In Honda's experiment, called CarLink, 60 San Francisco Bay area residents share 12 natural-gas-powered Honda Civics instead of using their own vehicles.
The goal: To learn whether consumers can be satisfied with limited access to a shared vehicle rather than owning or leasing it.
Businesses working with Honda include Bay Area Rapid Transit; the Institute of Transportation Studies at the University of California, Davis; the California Department of Transportation; and Lawrence Livermore National Laboratory, a national security research and development center.
'Our purpose is to see if consumers are really interested in this type of technology,' said American Honda spokesman Art Garner. 'This also gives us a chance to test the natural-gas vehicles as a future mode of transportation.'
The project began in mid-February and will continue at least through August.
Honda Motor Co. has experimented with car sharing since 1994, when it announced plans for its Intelligent Community Vehicle System. That system combines electric-powered vehicles, intelligent transportation technology and radio communications to help people move through congested urban areas.
Last October, Honda began public testing of its community vehicle concept in Tochigi, Japan.
In the California study, Honda provides the vehicles and pays for maintenance and insurance. The university helps with research. Lawrence Livermore National Laboratory in Livermore, Calif., serves as the test area for the program since it has a large work force, many of whom commute around the Bay area by private car.
Participants may choose to be one of three types of vehicle users.
1. 'Homeside' users drive CarLink vehicles to and from the Dublin/ Pleasanton rapid-transit station, east of San Francisco, and on household trips on nights and weekends. They take the vehicles home with them.

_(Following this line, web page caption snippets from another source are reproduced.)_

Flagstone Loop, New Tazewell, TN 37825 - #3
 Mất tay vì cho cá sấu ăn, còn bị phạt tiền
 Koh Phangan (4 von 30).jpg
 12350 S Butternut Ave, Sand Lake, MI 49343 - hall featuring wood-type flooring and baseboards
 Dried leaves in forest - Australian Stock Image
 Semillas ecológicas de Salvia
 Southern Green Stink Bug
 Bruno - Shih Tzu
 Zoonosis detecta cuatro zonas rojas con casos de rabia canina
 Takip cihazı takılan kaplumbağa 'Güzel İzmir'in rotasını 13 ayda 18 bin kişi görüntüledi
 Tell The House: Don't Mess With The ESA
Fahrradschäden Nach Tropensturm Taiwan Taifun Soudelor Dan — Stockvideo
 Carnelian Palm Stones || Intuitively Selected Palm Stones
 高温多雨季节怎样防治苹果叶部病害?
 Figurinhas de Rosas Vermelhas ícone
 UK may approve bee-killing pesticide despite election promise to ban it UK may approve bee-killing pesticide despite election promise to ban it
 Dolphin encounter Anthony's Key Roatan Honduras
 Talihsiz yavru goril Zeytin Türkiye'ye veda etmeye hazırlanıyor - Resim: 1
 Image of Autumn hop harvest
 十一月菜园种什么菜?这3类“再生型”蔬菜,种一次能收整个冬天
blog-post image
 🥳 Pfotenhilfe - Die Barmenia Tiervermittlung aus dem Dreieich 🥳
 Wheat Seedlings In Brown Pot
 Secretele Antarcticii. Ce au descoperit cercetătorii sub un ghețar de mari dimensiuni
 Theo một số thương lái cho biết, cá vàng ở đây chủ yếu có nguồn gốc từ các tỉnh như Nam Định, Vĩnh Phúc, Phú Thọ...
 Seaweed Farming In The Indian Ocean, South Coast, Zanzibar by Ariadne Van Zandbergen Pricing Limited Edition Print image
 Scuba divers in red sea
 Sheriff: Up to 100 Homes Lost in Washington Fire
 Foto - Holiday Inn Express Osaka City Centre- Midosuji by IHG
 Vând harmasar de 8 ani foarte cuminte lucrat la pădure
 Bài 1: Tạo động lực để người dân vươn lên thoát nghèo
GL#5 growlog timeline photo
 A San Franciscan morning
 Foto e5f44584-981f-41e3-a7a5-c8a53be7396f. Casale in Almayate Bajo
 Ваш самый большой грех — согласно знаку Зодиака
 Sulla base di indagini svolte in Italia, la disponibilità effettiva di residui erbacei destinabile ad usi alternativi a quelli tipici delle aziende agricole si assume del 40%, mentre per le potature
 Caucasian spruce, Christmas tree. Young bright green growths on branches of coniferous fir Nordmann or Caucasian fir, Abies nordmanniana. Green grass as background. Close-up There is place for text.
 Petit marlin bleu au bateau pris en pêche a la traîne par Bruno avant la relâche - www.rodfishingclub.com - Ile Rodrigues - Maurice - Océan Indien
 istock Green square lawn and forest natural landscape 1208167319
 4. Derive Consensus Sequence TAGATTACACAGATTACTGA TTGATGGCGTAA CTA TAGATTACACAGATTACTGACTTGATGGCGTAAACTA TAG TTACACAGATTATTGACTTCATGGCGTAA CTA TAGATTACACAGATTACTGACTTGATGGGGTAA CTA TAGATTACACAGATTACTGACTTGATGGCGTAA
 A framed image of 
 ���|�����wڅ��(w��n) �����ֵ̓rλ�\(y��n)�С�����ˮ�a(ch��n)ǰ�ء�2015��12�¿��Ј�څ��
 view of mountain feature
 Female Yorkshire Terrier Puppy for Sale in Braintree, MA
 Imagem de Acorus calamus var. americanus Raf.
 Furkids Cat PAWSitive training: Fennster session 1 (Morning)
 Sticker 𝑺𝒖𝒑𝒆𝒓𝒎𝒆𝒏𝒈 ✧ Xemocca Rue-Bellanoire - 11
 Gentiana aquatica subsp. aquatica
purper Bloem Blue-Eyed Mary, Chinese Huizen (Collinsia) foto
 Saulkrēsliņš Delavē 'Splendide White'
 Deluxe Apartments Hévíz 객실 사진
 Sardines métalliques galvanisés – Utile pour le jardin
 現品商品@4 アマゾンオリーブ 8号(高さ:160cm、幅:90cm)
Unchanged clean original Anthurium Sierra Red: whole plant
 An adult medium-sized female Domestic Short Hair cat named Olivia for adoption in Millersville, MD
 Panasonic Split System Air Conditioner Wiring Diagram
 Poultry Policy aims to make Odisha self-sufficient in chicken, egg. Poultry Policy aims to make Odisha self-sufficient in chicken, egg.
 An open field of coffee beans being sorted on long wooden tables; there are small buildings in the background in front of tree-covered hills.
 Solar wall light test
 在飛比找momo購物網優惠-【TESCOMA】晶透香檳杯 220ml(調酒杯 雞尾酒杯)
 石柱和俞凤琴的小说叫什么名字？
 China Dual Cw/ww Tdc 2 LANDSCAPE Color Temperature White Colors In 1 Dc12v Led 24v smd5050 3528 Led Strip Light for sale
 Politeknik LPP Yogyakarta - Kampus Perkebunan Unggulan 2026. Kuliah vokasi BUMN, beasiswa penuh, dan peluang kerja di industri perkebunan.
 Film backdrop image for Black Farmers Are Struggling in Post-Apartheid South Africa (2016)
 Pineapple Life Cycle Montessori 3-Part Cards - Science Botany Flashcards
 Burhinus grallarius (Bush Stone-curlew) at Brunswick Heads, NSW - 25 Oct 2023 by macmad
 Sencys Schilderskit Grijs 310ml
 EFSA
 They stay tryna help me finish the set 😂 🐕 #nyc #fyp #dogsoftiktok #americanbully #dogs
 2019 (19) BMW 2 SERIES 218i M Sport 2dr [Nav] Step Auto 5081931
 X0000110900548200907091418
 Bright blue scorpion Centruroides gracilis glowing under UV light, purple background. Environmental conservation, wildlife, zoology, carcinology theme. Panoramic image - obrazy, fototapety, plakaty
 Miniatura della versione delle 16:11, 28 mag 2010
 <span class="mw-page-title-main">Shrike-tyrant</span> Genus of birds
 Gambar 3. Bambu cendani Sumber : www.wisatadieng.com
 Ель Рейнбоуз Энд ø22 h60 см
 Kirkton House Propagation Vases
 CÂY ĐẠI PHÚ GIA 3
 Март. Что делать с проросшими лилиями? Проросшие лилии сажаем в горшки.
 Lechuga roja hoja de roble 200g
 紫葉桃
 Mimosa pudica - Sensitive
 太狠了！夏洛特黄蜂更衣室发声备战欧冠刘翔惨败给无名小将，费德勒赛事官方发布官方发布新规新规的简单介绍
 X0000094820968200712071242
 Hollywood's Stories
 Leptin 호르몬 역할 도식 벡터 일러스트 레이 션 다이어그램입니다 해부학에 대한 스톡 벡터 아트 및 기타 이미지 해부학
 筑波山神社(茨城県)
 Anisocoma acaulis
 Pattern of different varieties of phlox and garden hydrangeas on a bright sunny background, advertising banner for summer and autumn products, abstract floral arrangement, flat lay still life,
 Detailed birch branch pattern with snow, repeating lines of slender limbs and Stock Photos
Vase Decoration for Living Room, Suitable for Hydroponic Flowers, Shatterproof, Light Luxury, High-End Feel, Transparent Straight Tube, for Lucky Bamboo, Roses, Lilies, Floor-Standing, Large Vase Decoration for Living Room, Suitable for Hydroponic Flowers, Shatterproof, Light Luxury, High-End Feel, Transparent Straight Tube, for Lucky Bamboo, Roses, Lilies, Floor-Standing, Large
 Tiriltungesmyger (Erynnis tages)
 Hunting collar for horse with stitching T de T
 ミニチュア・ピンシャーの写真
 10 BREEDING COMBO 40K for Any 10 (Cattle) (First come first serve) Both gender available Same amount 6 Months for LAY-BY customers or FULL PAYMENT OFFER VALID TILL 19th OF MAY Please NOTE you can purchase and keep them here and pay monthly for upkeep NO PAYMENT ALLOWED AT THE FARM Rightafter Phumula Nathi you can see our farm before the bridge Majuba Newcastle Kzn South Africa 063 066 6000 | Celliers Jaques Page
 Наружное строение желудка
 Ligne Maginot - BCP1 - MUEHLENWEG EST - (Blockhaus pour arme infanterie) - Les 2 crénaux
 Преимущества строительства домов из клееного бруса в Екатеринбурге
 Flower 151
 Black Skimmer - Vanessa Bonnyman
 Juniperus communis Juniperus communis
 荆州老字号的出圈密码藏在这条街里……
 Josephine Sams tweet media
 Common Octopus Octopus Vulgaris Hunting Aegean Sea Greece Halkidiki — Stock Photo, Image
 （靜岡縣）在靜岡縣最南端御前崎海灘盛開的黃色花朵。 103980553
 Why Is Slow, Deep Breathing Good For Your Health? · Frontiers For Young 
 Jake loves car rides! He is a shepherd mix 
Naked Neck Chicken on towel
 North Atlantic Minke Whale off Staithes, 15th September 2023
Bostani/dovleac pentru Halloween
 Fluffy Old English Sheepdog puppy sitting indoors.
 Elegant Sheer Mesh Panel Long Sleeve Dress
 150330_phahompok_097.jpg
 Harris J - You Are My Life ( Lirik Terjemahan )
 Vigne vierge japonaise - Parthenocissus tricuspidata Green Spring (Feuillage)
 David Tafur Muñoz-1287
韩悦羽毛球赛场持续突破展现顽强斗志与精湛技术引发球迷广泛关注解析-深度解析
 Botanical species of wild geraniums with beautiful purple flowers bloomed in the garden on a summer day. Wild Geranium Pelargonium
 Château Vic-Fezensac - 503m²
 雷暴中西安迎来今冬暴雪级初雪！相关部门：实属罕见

2. 'Workside' users take Bay Area Rapid Transit to the Dublin/Pleasanton station and drive a CarLink vehicle from the station to their jobs at Lawrence Livermore National Laboratory.
3. 'Day' users drive CarLink vehicles on work or personal trips to and from the lab.
Drivers use automated teller machine-style cards to access the vehicles. Participants pay user fees that range from $1.50 an hour and 10 cents a mile to a flat $200 a month.
The program has many advantages, said Susan Shaheen, a doctoral candidate at the University of California's Institute of Transportation Studies who is researching the project.
Personal vehicles usually sit in parking lots or garages most of the day, Shaheen noted. And when in use, they usually carry only one person.
Through the Honda program, businesses need fewer parking spaces because at least three people use each vehicle every day.
CarLink also promises environmental benefits by encouraging people to use the transit system, which should reduce traffic.
Car-sharing also may comfort commute-weary Californians. Parking is difficult even for Bay Area Rapid Transit users, acknowledges Victoria Nerenberg, the transportation system's manager of technology and business alliances planning, research and development. Since most people drive their vehicles to the transit port, parking spaces tend to fill up by 6: 45 a.m.
Roy Florey, a 'homeside' user who drives a CarLink Honda to the transit system station for his morning commute, said the program gives him a chance to have a third vehicle at about half the cost of buying one.
'I have a 17-year-old son. The extra vehicle is convenient for us because now he can drive, too,' Florey said. 'It's really cheap. For $200 a month, you get the car, plus insurance and maintenance.'
Shaheen estimates that leasing a comparable vehicle and paying for insurance, fuel and maintenance would cost a customer about $400 a month.
If the program is successful, Shaheen said, it will be expanded to offer more than three types of usage. In the meantime, Honda and the other organizations involved are studying ways to put CarLink into other communities.